## [STUDY MATERIAL]
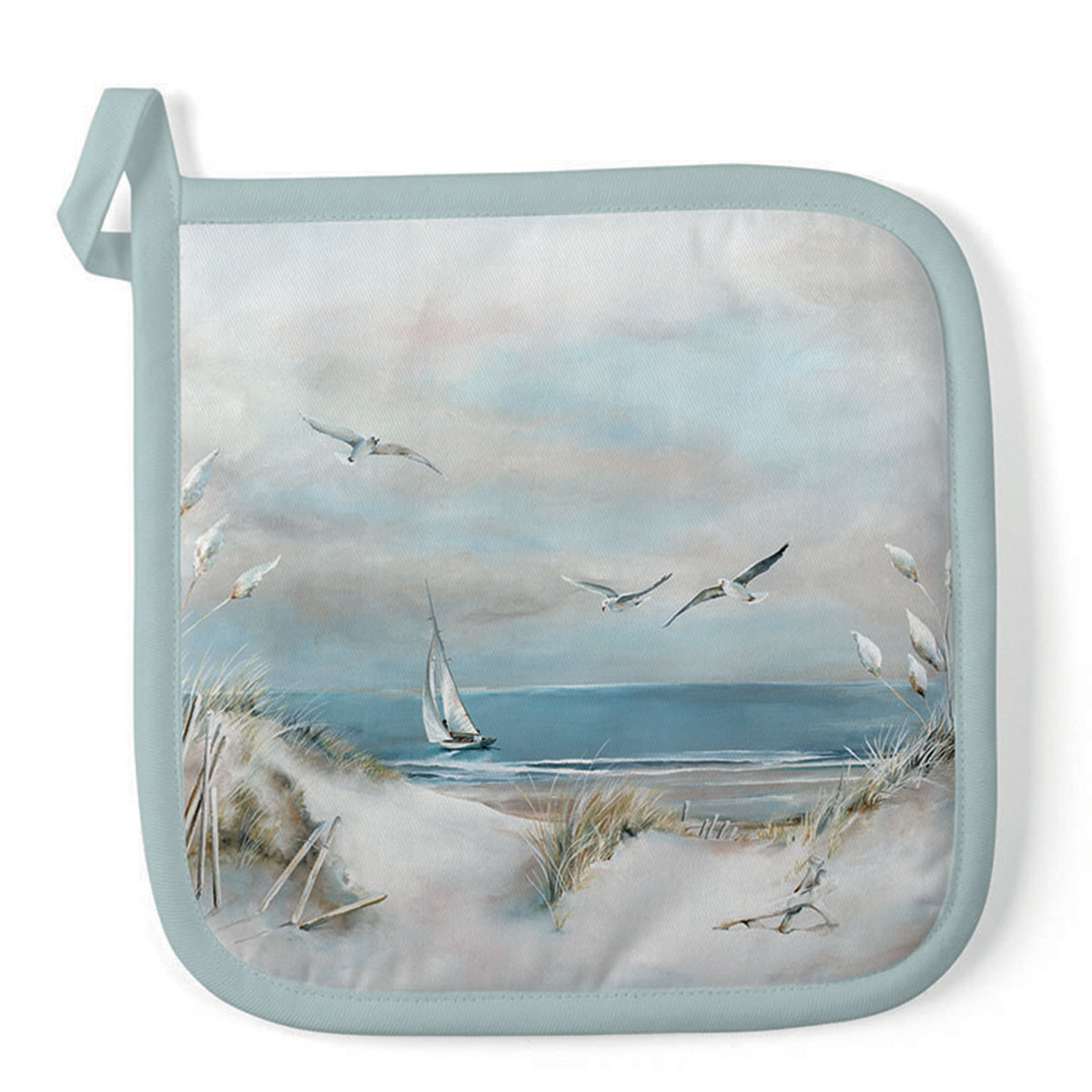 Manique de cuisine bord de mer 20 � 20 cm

--

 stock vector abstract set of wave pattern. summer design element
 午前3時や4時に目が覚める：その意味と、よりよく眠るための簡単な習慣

* * *

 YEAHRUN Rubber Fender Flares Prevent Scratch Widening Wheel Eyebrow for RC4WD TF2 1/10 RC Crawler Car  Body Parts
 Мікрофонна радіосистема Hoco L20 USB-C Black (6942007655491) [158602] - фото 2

## [TASK DETAILS]
Out of the data above, transcribe exactly and only the lines starting with the line that has "YEAHRUN Rubber Fender" and going on through the line that has "Мікрофонна радіосистема Hoco", both included.

## [RESPONSE FOR THIS EXERCISE]
 YEAHRUN Rubber Fender Flares Prevent Scratch Widening Wheel Eyebrow for RC4WD TF2 1/10 RC Crawler Car  Body Parts
 Мікрофонна радіосистема Hoco L20 USB-C Black (6942007655491) [158602] - фото 2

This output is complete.